## [Records to use]
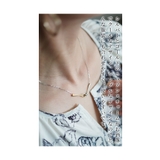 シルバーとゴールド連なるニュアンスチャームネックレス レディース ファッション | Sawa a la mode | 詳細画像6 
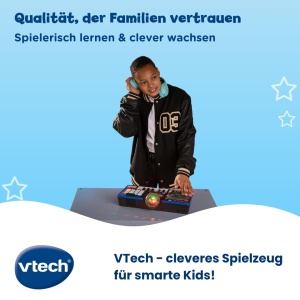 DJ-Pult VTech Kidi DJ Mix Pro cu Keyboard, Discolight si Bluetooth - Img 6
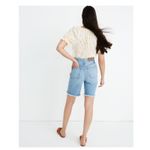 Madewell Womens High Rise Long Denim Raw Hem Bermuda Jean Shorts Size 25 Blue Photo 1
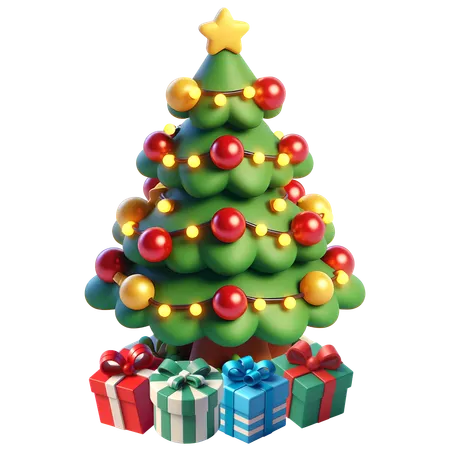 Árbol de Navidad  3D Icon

...

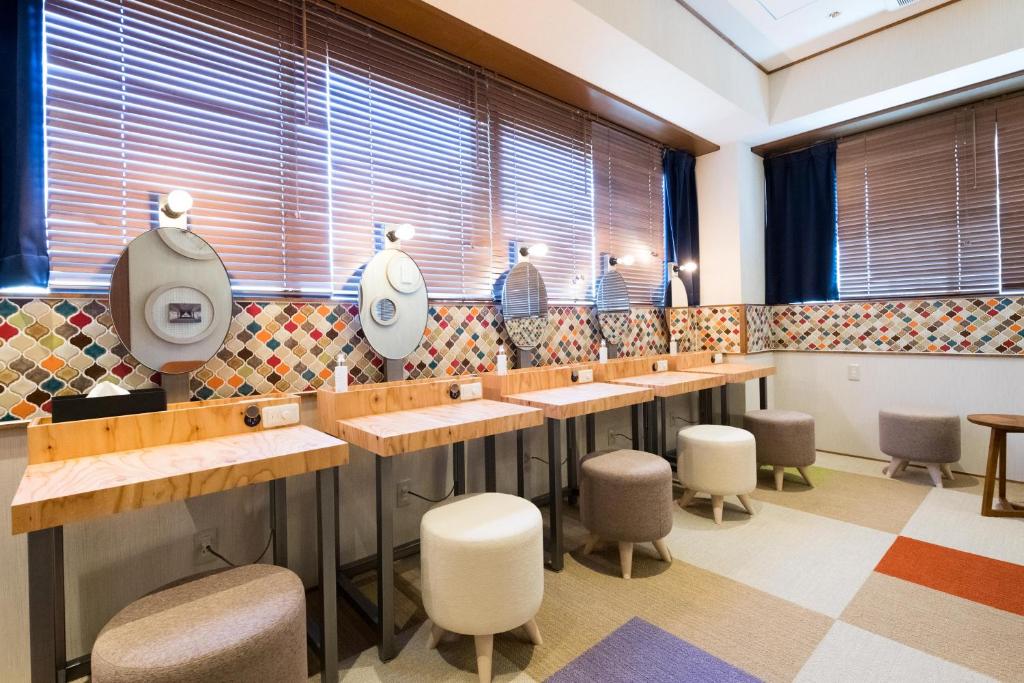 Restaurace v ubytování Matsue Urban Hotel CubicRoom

---

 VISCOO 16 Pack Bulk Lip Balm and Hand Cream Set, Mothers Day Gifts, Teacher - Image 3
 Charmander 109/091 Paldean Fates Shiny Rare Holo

## [Problem to work on]
Going by the entries above, repeat exactly the lines that start at the line with "Madewell Womens High" and go on through the line with "Árbol de Navidad". Pictures are not part of the copy.

## [Written response]
 Madewell Womens High Rise Long Denim Raw Hem Bermuda Jean Shorts Size 25 Blue Photo 1
 Árbol de Navidad  3D Icon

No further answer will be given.